Im Anschluss an die Lesung entwickelte sich ein ausführlicher Dialog zwischen der Autorin und ihrer Zuhörerschaft. Die jungen Leute wollten wissen, wie Dorit Linke zum Schreiben kam. Sie erklärte, dass dies ein langer Weg war. Zunächst führte sie Tagebuch und schrieb ihre Erinnerungen auf. Das Buch ist in einem knapp zehnjährigen Prozess dann nach und nach entstanden.

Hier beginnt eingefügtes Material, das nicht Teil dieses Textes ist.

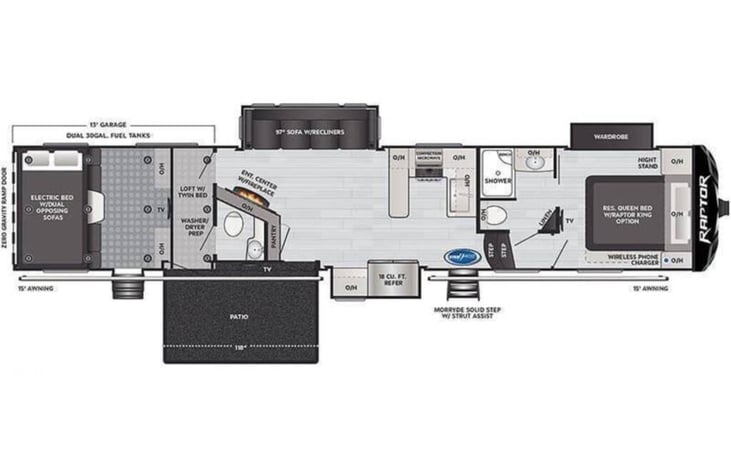 floorplan shows back bed area in garage 2 queen beds with back half bath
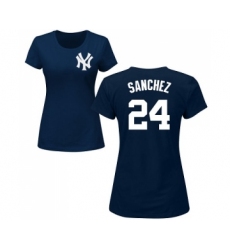 MLB Women's Nike New York Yankees #24 Gary Sanchez Navy Blue Name & Number T-Shirt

"Die Mauer in Berlin ist offen"

Zum Tag des Mauerfalls berichtete Linke, dass sie bei einer Demo in Rostock war und jemand geschrien habe "Die Mauer in Berlin ist offen". Ihre Familie heulte bei ihrer Heimkehr und es hat eine ganze Weile gedauert, bis der Mauerfall bei ihr angekommen war, da er eigentlich komplett unwahrscheinlich schien.

In ihrer Schulzeit, in der ehemaligen DDR, hatte sie zehn Jahre dieselben Mitschüler, neue Mitschüler hatten es nicht leicht. Andere hatten lebenslang denselben Job und verweilten lange Zeit an einem Ort.

Vor einer Flucht hatte sie "Schiss"

Wie sie sich fühlte in dieser Zeit, war eine der Fragen seitens der Realschüler. Die Antwort: "Normal, es fühlte sich normal an. Und es war nichts Auffälliges, da alle das getan haben, was von ihnen verlangt wurde."

Die Schulszenen in ihrem Roman sind realistisch aufgrund der eigenen Erlebnisse der Autorin. "Was war das Schlimmste im Osten?" wollte eine Schülerin wissen. Für Linke war es das Schlimmste, das alles klar vorgezeichnet und schwierig damit umzugehen war. Immer den Mund halten und auf die Zunge beißen, sagte sie. Gäbe es die DDR noch, wäre sie heute keine Autorin. Sie hatte einen Medizin-Studienplatz. Vor einer Flucht hatte sie "Schiss", weil dies lebensgefährlich war, obwohl die Diktatur bedeutete, nicht frei zu sein.

Die Autorin hat noch zwei weitere Bücher geschrieben und arbeitet momentan an der Fortsetzung zu "Jenseits der blauen Grenze".